Much of the first half or so of this chapter (II.2) is the slow approach of the narrators to the upper room itself, present to the children at their study. What kind of narrator not only tells about their subject but enters into their presence? The text is difficult to follow since, at times, they seem to speak of Shem, Shaun, and Issy as if they are there, witnessing what they are doing, and even reflecting their thoughts, but then make it clear that they are still approaching. For example, on p.267-68, the talk about Issy seems to imply presence, observation, but the verbs are future ("will preen her for...soon...will cudgel about...will sit and knit..."). It is as if the narrator (which commentators tell me is taking shape slowly as the voice of the four annalist masters, i.e. Mamalujo) is anticipating the arrival and dreaming about it. We aren't, yet, seeing the children on their own, hearing from them.

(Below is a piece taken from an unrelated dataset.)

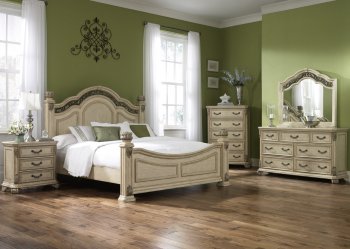 Messina Estates II Bedroom 5Pc Set 837-BR in Antique Ivory [LFBS-837-Messina-Estates-II]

The narrator even anticipates the dawn, looking at a streetlamp ("Belisha beacon, beckon bright!"). If you search for this online you'll see that they are orange/yellow globular lamps hovering above crosswalks: the sun rising. They are walking towards the house in Chapelizod, they naturally encounter these and beseech them for safe voyage.
A Belisha beacon in the UK. It flashes when a pedestrian will cross. It also looks like the rising sun, or maybe better a full moon just above the horizon. Source: flickr.

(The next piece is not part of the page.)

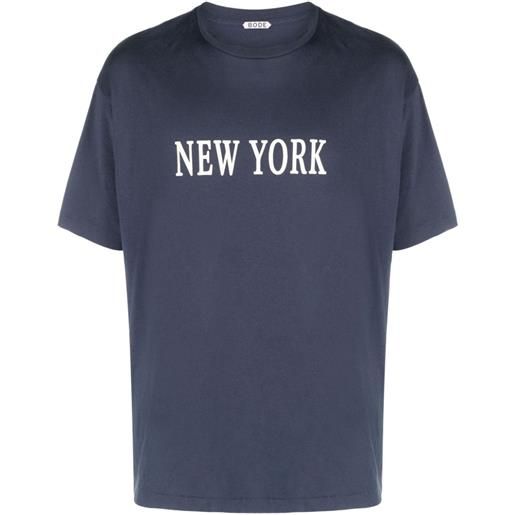 BODE t-shirt new york - blu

The streetlight "waves us to yonder...Where flash becomes word and silents selfloud" (267.13-16). I love the inversion of et Verbum caro factum est. "Selfloud" sounds like German Selbstlaut, which is an older term for "vowel" but literally "makes sound on its own." There is a lot of talk, in this paragraph focalizing Issy, about vowels and syllables and their secret meanings: "So mag this sybilette be our shibboleth that we may syllable her well" (267.20-21). I'm not sure if there is such a desire on its/their part for speaking rightly of Shem or Shaun.

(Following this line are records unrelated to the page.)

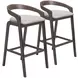 Troy Dove Gray And Espresso Bar Stool Set Of 2
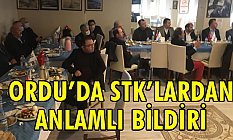 Ordu'da STK'lar Çevre Sorunları İçin Ortak Mücadele Etme Kararı Aldı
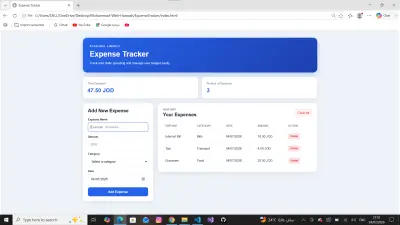 تطبيق تتبع المصروفات الشخصية – Expense Tracker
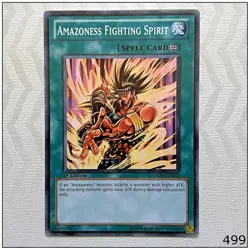 Amazoness Fighting Spirit - DREV-EN054 - Common 1st Edition Yugioh - Image 1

Where flesh becomes word: the art of narration put concisely. As flash it accompanies thunder, even can be said to be thunder, which we know can speak all languages. Silents selfloud: if the last phrase was a simple, if metaphorical statement about what narrative does, this is an impossible dream: the silence begins speaking of its own accord? The "silents" i.e. the ones who are silent (persons, places, things...words!) begin speaking by themselves? The story tells itself? The reader is unnecessary? The "where" of this primeval uttering is the upstairs study room, the destination of the narrator (he will not arrive for some pages yet). The children are not merely studying but interpreting the thunder, reading for signs of their parents. Pursuing a perfect act of interpretation where the interpreter acts in such a way that the signs themselves come alive on their own (like the mystic macrocosmos signs at the beginning of Faust) and interpret themselves. It is all there in the words, in the thunder. That, at least, is a claim made by this speaker on this page.